Physical Address
304 North Cardinal St.
Dorchester Center, MA 02124
Physical Address
304 North Cardinal St.
Dorchester Center, MA 02124

The cloud of mushrooms was visible from the hills of the neighboring province. Those who were out of the radius of the instant could not immediately show any external injury – but they usually get sick and die on the next day, weeks, months and years.
And when they tried to enter the injured, people outside the city came in contact with radiation.
Radiation also affected the children in the womb at that time. General radiation diseases are hair fall, bleeding gums, reduction of energy (“nothing will happen” in Japanese) and pain, as well as fatal high fever.
About 650,000 people The Japanese government was recognized as Hiroshima and Nagasaki’s nuclear bombing. Although mostly died now, Statistics The Ministry of Health, Labor and Welfare shows from March 7, 2021 that there is still an approximately 99,130 alive, with an average age of 86.
Emperor Hirito announced the surrender of Japan on a radio broadcast after the nuclear bombing and urged the Japanese people toTolerate unbearable,“The Allies used to use” the most cruel weapon “without direct identifying the atomic attack. Due to the bad about defeat, Japan’s empire in the war, as well as the reality of censorship and nuclear weapons, the idea that the dead and forgiveness of the nuclear weapons increased was dead and forgiven.
Yamanaka took about seven years to restore his strength to a relatively normal life, so he barely earned a bachelor’s degree from high school. Later, he has been diagnosed with various blood, heart, eyes and thyroid diseases as well as low immunity – the combination that may be associated with the contact of radiation.
His daughters also suffer. In 1977, when her older daughter was 19, she had three operations for her skin cancer. In 1978, when his second daughter was 14, he developed leukemia. In 1987, her third daughter suffered by one -sided Ophorectomy (a surgical procedure for ovarian removal).
I interviewed Yamanaka’s daughter, granddaughter and several other survivors repeatedly, starting with experience before the nuclear bomb, and continued today.
These interviews usually started in the official position of the Hiroshima Peace Memorial Museum, I also interviewed the walk and went to special importance sites in their personal memory. I have shared car travel, coffee and meal with them and their helpers, because I wanted to see their lives in context as part of a community.
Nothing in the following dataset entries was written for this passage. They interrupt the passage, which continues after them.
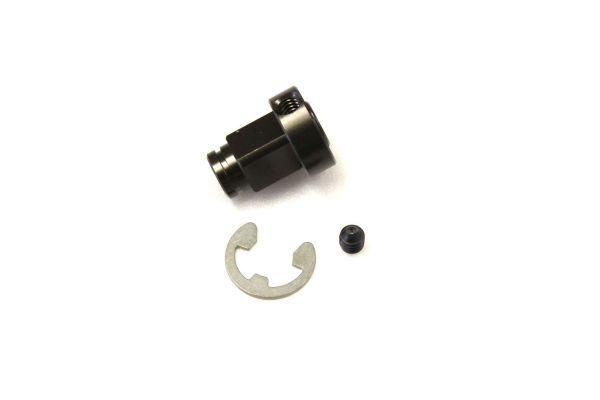 KYO-VZ480GM Kyosho Pulley Adapter (Gunmetal/FM330) Kyosho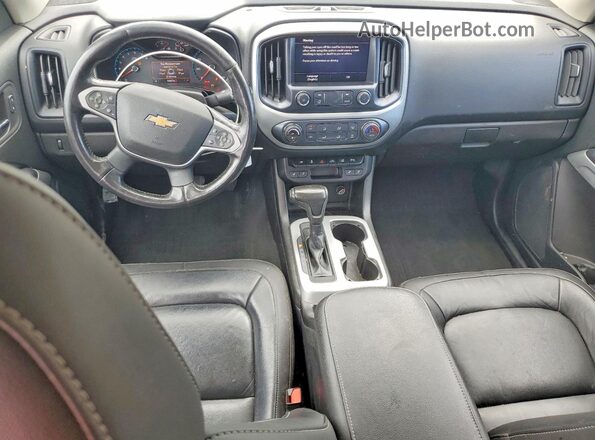 1GCGSCEN9M1288356 2021 CHEVROLET COLORADO Gray Dashboard view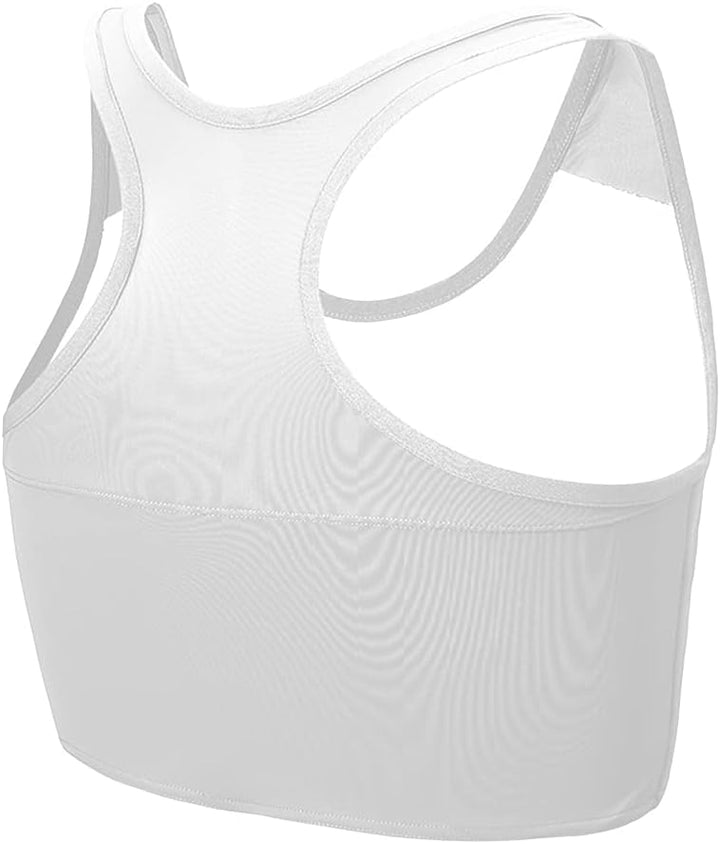 Idtswch Chest Binder for Transgender FTM Binder Compression Tomboy Trans Bandage Bra Cosplay Underwe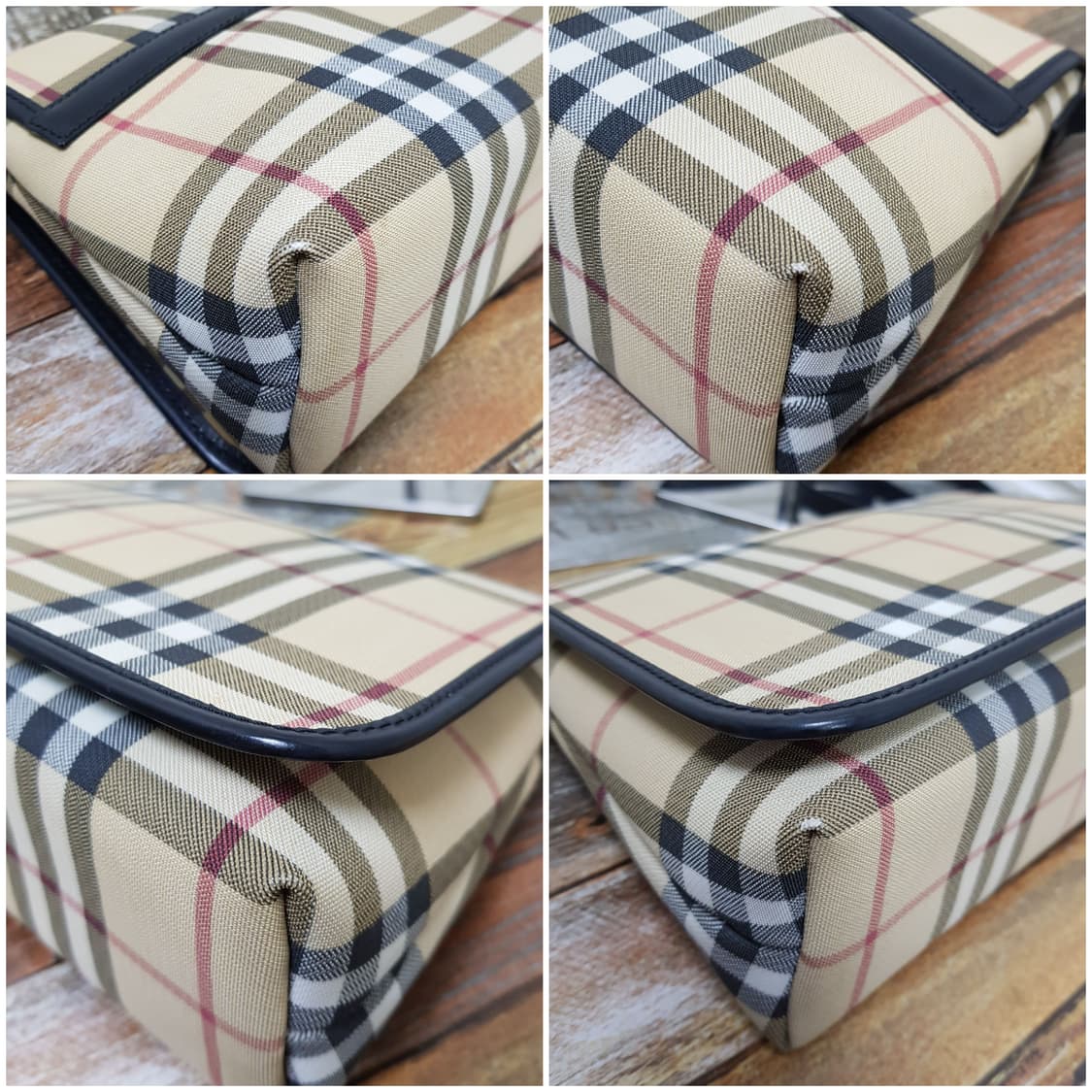 [정품] 버버리 클래식 체크 숄더백 상품이미지7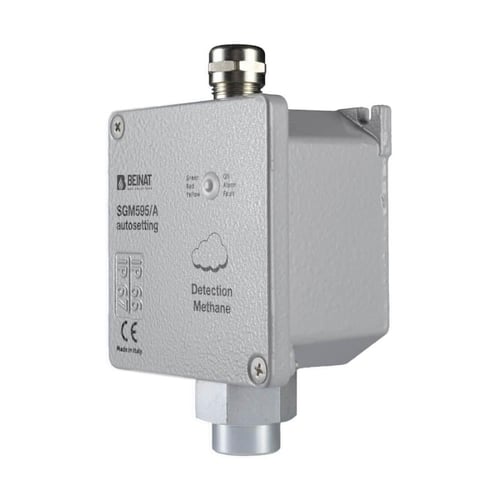 كاشف تسرب الغاز ضد الماء ماركة بينات موديل رقم SGM...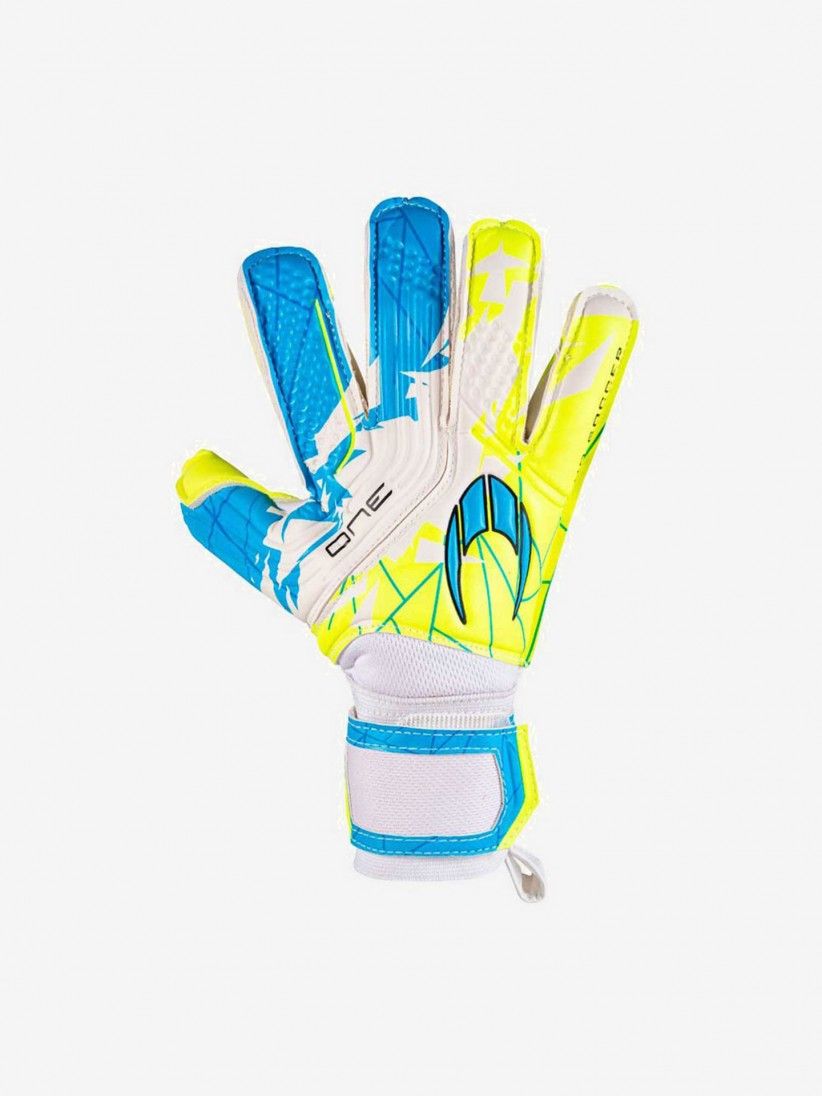 Ho One Roll/Negative Mace Guantes Portero Fútbol Adulto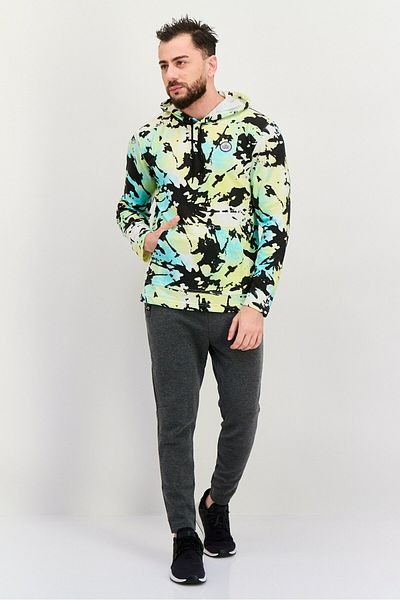 Hurley Men Sportswear Fit Outdoor Sweatshirts, Black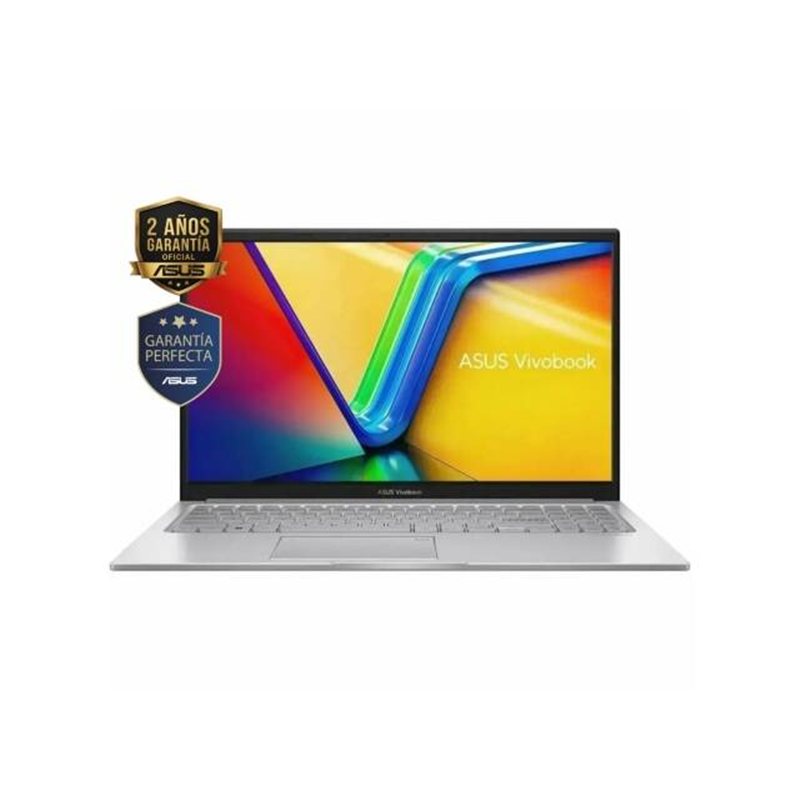 NOTEBOOK ASUS CORE 5 5.0GHZ, 8GB, 512GB SSD, 15.6" FHD, FREEDOS - PLATEADO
Their trauma and misery are dealt with socially. In comparatively a few survivors who tell their stories to the public, it is through the help of the sight of the sight Local networkThe I was told at first that I wouldn’t find the survivors who wanted to share their stories, gradually came forward with another snowball effect.
On August 27, we traveled to Yamanaka in the car and traveled to his eastern EBA, a break on the site where he started his journey after the river. There, Yamanaka started a conversation with the surviving person who was on his way to his bike. His name was Maruto-San. They attended the same temple based primary school.